А в 5-й главе мы обнаруживаем, что человек из подполья заполняет свою жизнь искусственными переживаниями, ибо настоящих у него нет. Более того, у него нет основы, нет исходной точки, оттолкнувшись от которой он мог бы принять жизнь. Он ищет определения для себя, ищет, какой бы ярлык приклеить к себе, например «лентяй» или «тонкий знаток в лафите», ищет любой крючок, любую зацепку. Но зачем он тщится подыскать ярлык для себя, этого Достоевский не открывает. Человек, которого он рисует, попросту маньяк, какой-то клубок претенциозности. Посредственные подражатели Достоевского, как французский журналист Сартр, продолжают пописывать в том же духе и по сей день.
В начале 7-й главы есть хороший образчик стиля Достоевского (блестяще переведенный Герни по подстрочнику, сделанному Гарнетт).

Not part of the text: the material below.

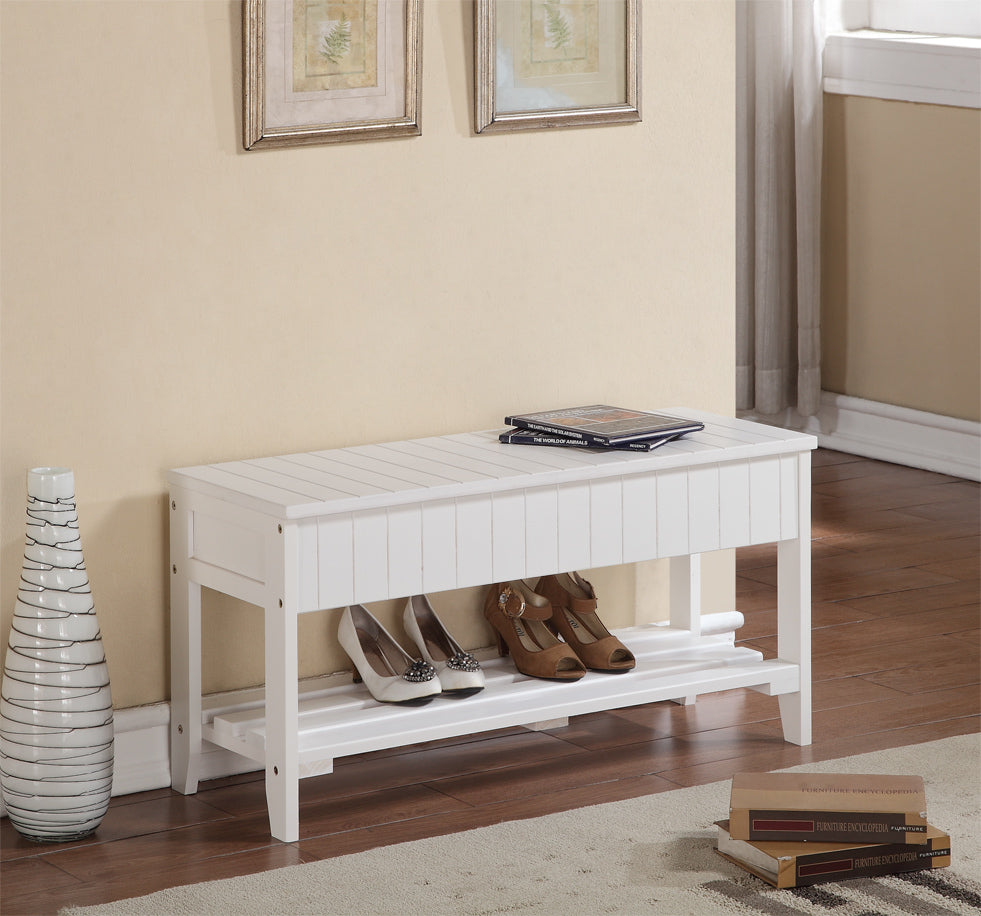 Quality Solid Wood Shoe Bench With Storage, White White Wood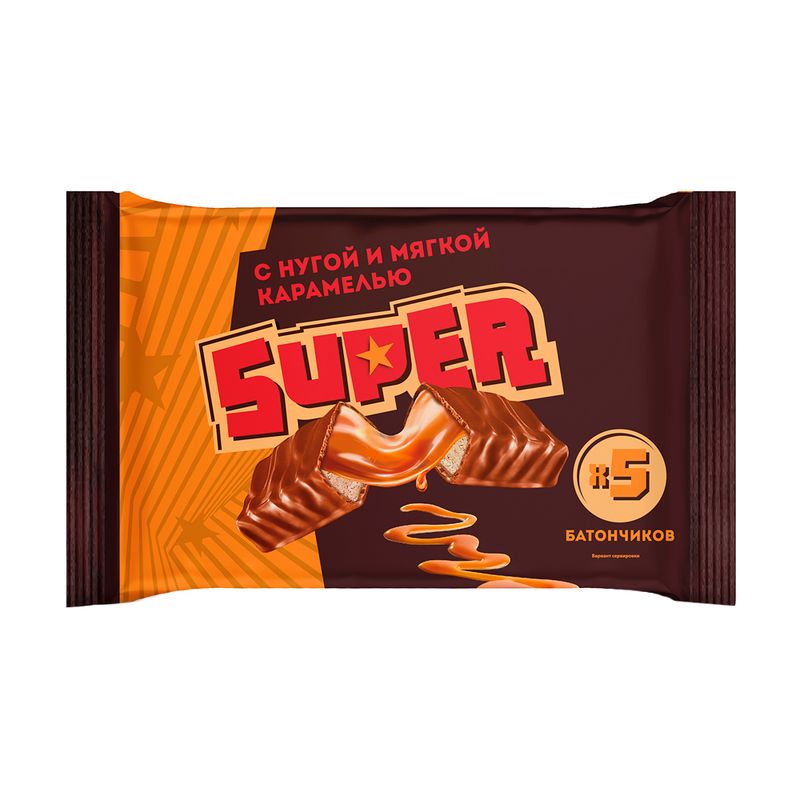 Батончик, Super, с нугой и карамелью, 5 шт., 200 г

«Но всё это золотые мечты. О, скажите, кто это первый объявил, кто первый провозгласил, что человек потому только делает пакости, что не знает настоящих своих интересов; а что если б его просветить, открыть ему глаза на его настоящие, нормальные интересы, то человек тотчас же перестал бы делать пакости, тотчас же стал бы добрым и благородным, потому что, будучи просвещенным и понимая настоящие свои выгоды, именно увидел бы в добре собственную свою выгоду, а известно, что ни один человек не может действовать зазнамо против собственных своих выгод, следственно, так сказать, по необходимости стал бы делать добро? О младенец! о чистое, невинное дитя! да когда же, во-первых, бывало, во все эти тысячелетия, чтоб человек действовал только из одной своей собственной выгоды? Что же делать с миллионами фактов, свидетельствующих о том, как люди зазнамо, то есть вполне понимая свои настоящие выгоды, отставляли их на второй план и бросались на другую дорогу, на риск, на авось, никем и ничем не принуждаемые к тому, а как будто именно только не желая указанной дороги, и упрямо, своевольно пробивали другую, трудную, нелепую, отыскивая ее чуть не в потемках. Ведь, значит, им действительно это упрямство и своеволие было приятнее всякой выгоды…»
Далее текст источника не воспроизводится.